§ **TASK BRIEF**
Write the data out again exactly, dropping any images it holds.

-------- RECORDS FOR THIS EXERCISE

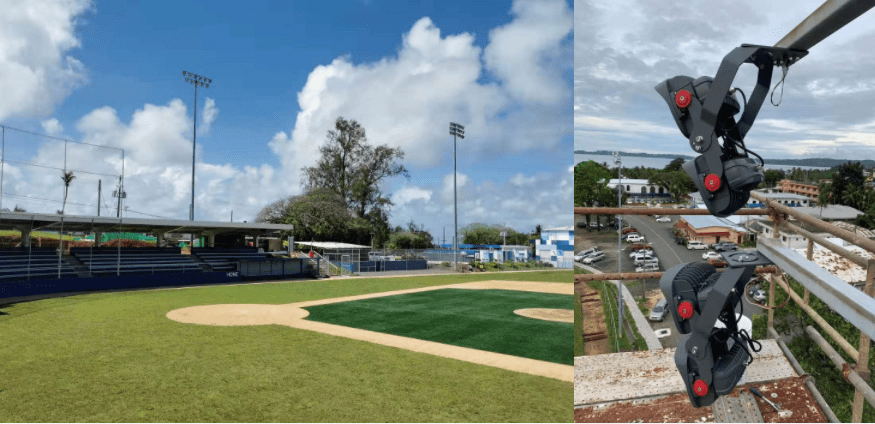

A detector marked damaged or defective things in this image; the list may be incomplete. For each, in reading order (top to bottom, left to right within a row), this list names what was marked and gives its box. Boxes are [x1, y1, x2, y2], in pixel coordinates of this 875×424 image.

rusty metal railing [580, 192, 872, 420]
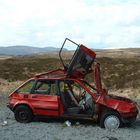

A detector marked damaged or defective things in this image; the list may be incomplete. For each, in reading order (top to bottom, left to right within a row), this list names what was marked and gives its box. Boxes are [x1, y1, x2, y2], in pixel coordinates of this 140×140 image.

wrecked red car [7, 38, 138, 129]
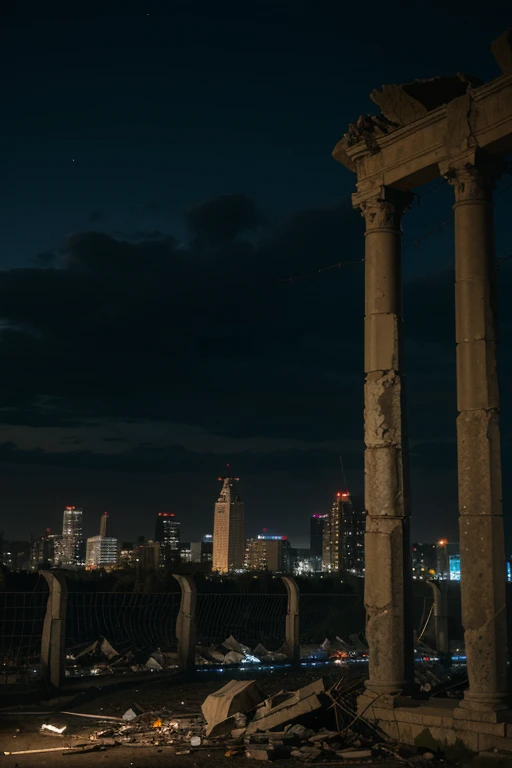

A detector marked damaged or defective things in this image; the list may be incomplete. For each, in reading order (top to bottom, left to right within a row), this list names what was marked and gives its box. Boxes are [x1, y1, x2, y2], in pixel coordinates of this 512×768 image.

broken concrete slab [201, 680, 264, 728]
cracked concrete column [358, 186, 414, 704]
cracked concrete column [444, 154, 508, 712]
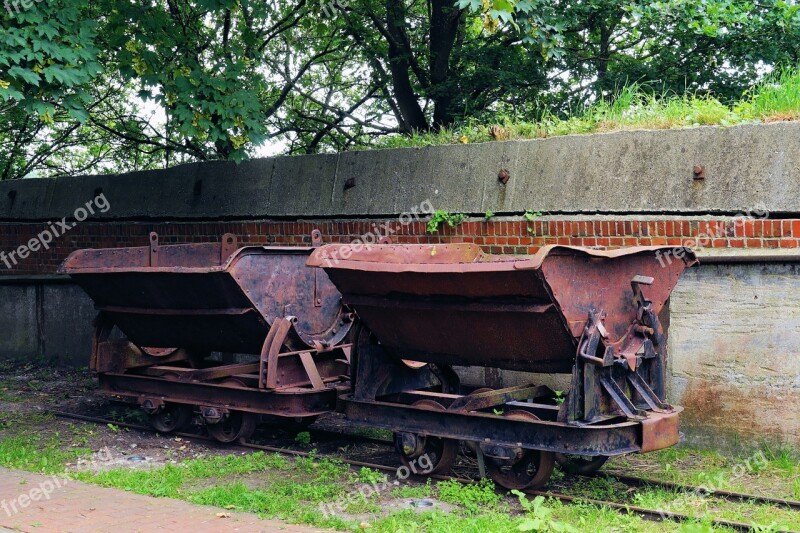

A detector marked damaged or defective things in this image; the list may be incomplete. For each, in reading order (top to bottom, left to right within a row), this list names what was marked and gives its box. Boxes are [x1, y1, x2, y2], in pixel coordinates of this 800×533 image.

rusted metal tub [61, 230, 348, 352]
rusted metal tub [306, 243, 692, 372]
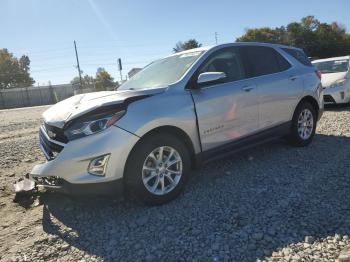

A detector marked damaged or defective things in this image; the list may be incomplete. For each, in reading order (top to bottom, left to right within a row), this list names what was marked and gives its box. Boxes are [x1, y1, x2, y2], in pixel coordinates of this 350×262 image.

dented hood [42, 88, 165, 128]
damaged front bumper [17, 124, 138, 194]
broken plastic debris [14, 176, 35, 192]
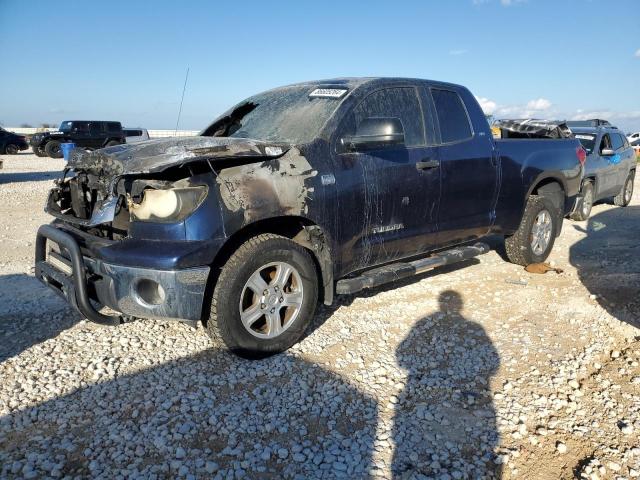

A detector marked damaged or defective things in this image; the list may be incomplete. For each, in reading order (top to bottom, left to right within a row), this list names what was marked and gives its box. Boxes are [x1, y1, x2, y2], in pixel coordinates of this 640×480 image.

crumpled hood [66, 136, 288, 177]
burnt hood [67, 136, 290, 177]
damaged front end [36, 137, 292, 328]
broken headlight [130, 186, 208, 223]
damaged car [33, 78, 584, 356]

----------------

§ **WRITTEN REPLY**
A detector marked damaged or defective things in this image; the list may be incomplete. For each, in reading order (top to bottom, left to right within a row), this list names what was marked and gives its box. Boxes are [x1, y1, x2, y2], in pixel coordinates of this 875×424 image.

rusty metal railing [580, 192, 872, 420]

A detector marked damaged or defective things in this image; the list may be incomplete. For each, in reading order (top to bottom, left to right within a row), this list names what was marked and gives its box. Boxes are [x1, y1, x2, y2], in pixel coordinates of this 140×140 image.

wrecked red car [7, 38, 138, 129]

A detector marked damaged or defective things in this image; the list may be incomplete. For each, in reading order (top to bottom, left to right within a row), this list names what was marked and gives its box. Boxes are [x1, y1, x2, y2], in pixel coordinates of this 512×768 image.

broken concrete slab [201, 680, 264, 728]
cracked concrete column [358, 186, 414, 704]
cracked concrete column [444, 154, 508, 712]

A detector marked damaged or defective things in this image; the list may be incomplete. For each, in reading order (top to bottom, left to right within a row), this list names what was marked and gives its box. Boxes are [x1, y1, x2, y2], in pixel coordinates of this 800×533 image.

rusted metal tub [61, 230, 348, 352]
rusted metal tub [306, 243, 692, 372]

A detector marked damaged or defective things in this image; the list may be incomplete. For each, in reading order (top to bottom, left to right within a row), this list names what was marked and gives its box. Boxes are [x1, y1, x2, y2], in pixel coordinates of this 350×262 image.

dented hood [42, 88, 165, 128]
damaged front bumper [17, 124, 138, 194]
broken plastic debris [14, 176, 35, 192]

A detector marked damaged or defective things in this image; the list may be incomplete. For each, in reading order (top to bottom, left to right within a row), this list names what was marked and gives its box. Boxes are [x1, y1, x2, y2], in pixel coordinates of this 640×480 image.

crumpled hood [66, 136, 288, 177]
burnt hood [67, 136, 290, 177]
damaged front end [36, 137, 292, 328]
broken headlight [130, 186, 208, 223]
damaged car [33, 78, 584, 356]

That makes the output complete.